Problem description » From the listing below, please restate exactly the lines beginning at the one with "国府宮肩こり腰痛センターの雰" and ending at the one with "颈饰未镶嵌翡翠闪购商品0044681", both included, and skip the pictures.

Exercise material »
· · ·

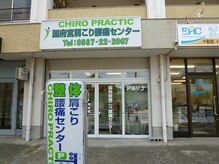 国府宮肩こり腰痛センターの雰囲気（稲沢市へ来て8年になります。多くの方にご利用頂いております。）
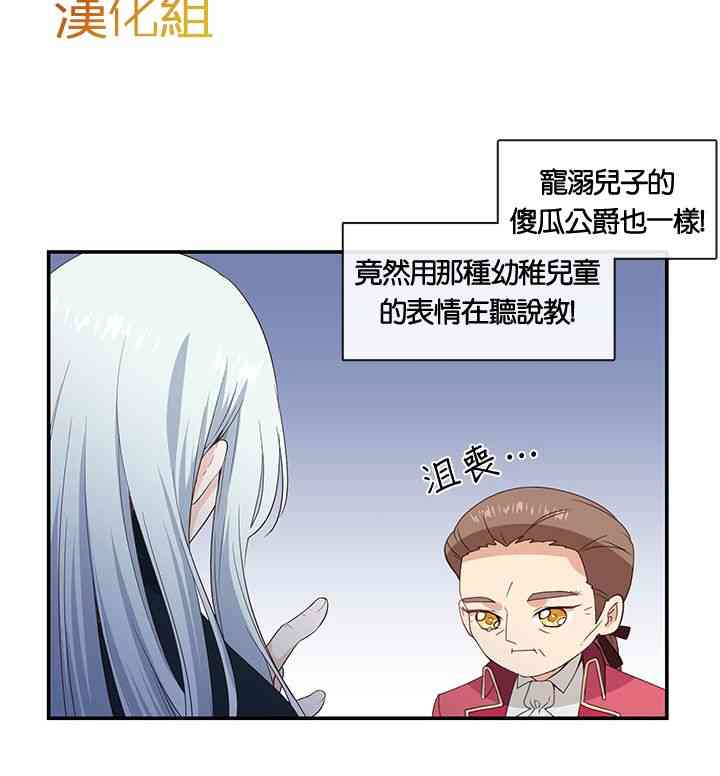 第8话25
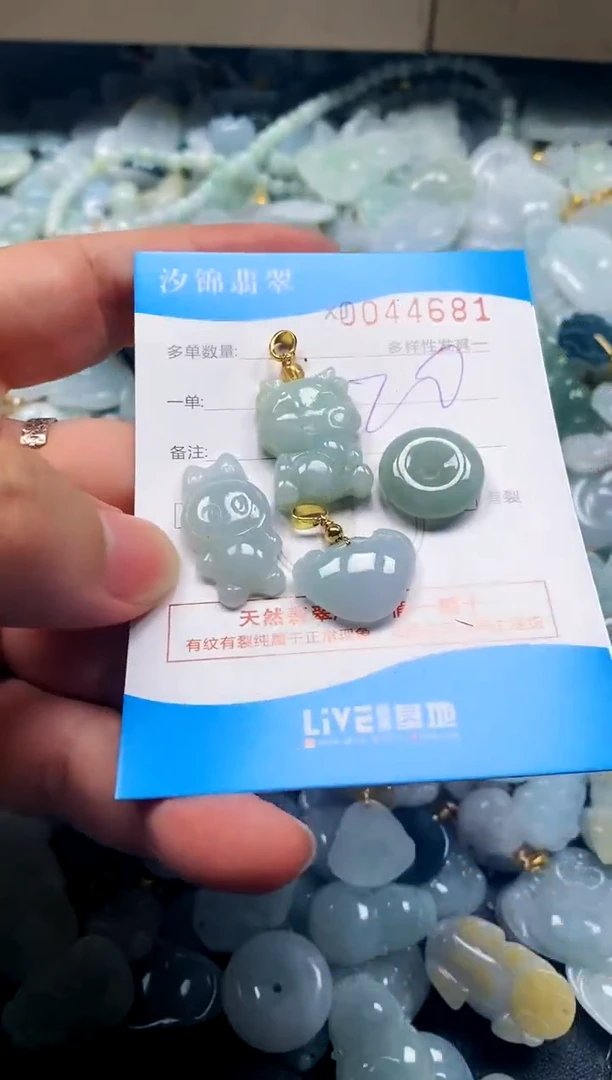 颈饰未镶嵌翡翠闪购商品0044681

· · ·

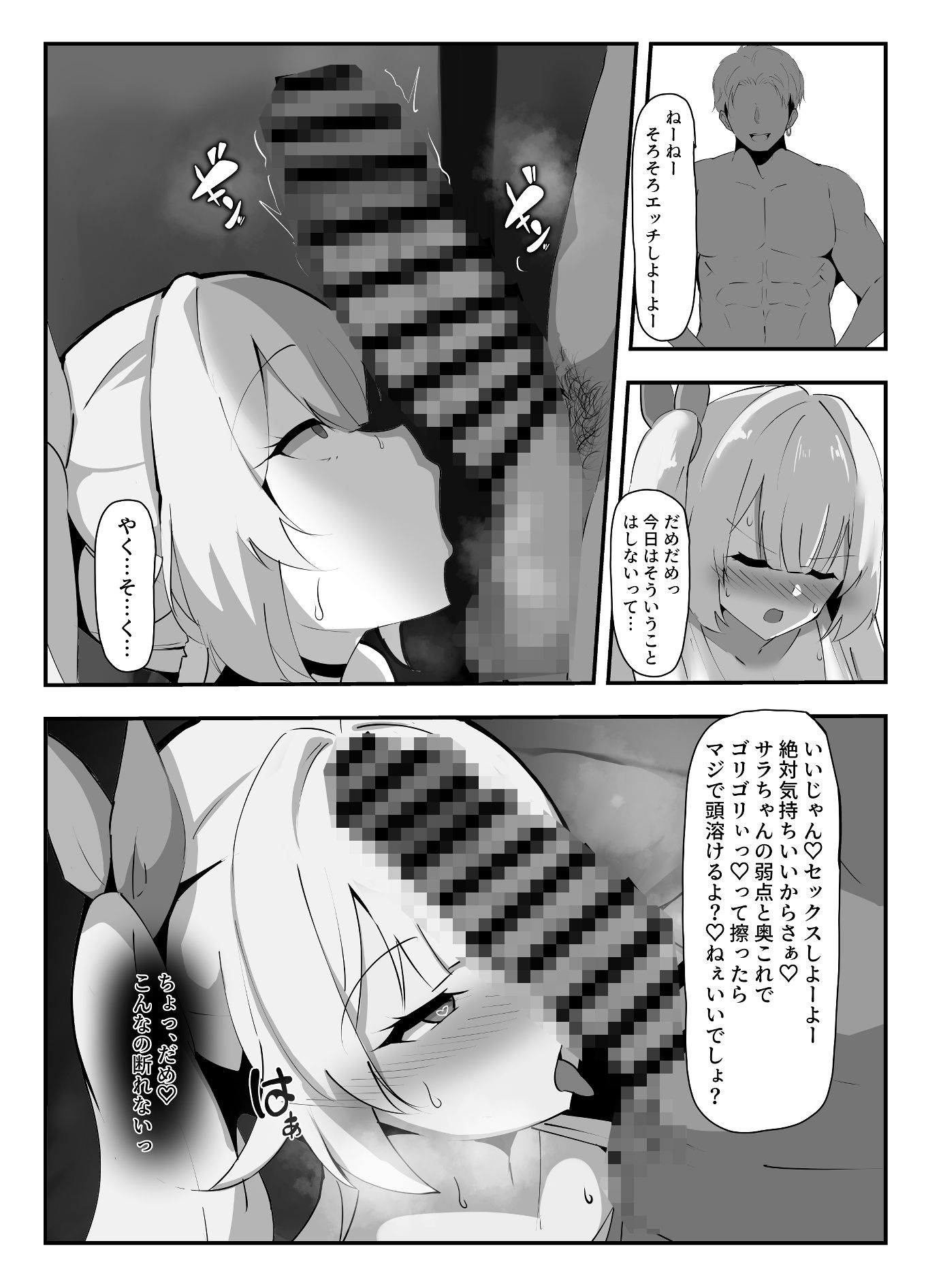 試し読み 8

· · ·

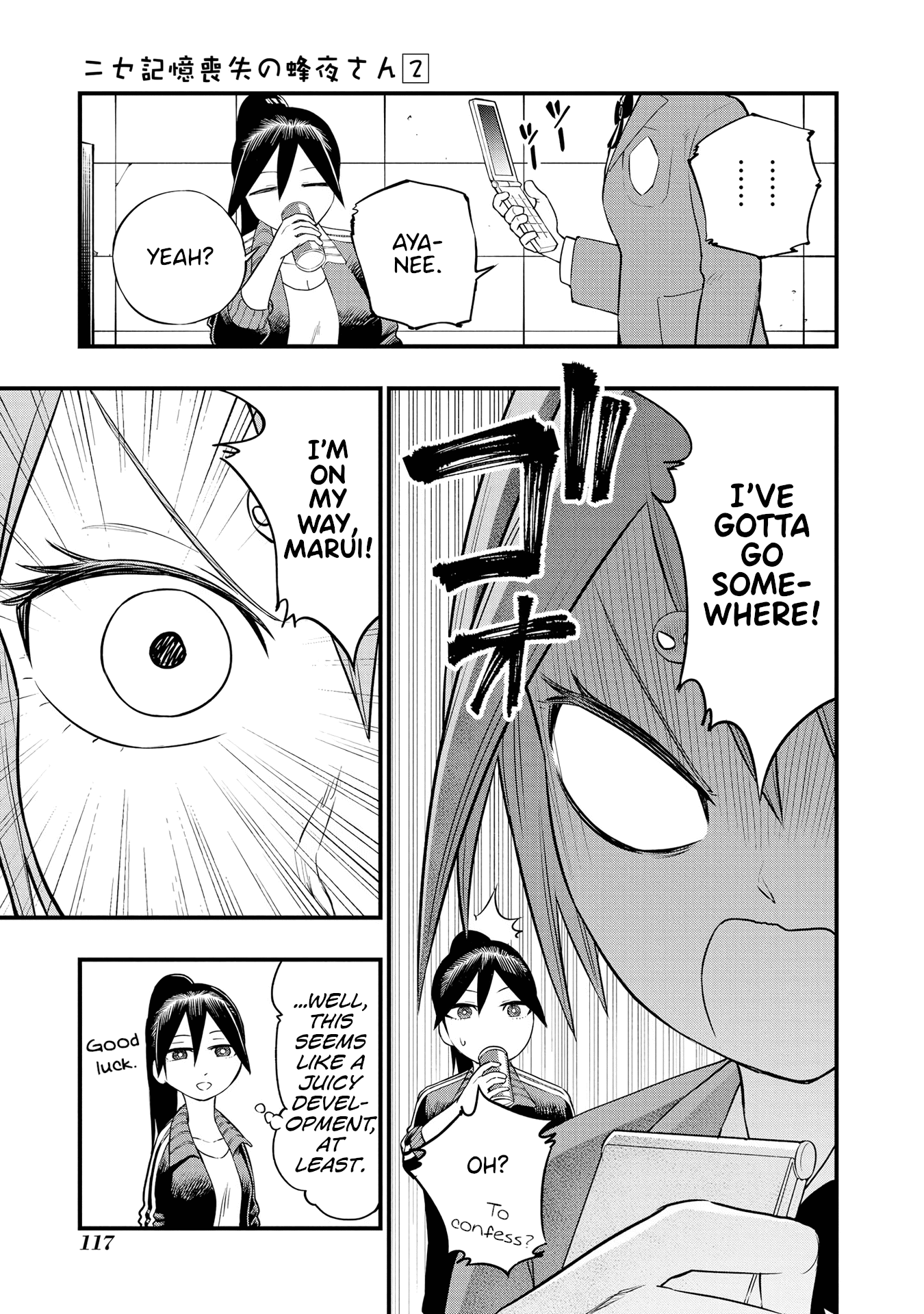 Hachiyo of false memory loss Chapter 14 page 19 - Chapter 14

· · ·

Result for this exercise »
 国府宮肩こり腰痛センターの雰囲気（稲沢市へ来て8年になります。多くの方にご利用頂いております。）
 第8话25
 颈饰未镶嵌翡翠闪购商品0044681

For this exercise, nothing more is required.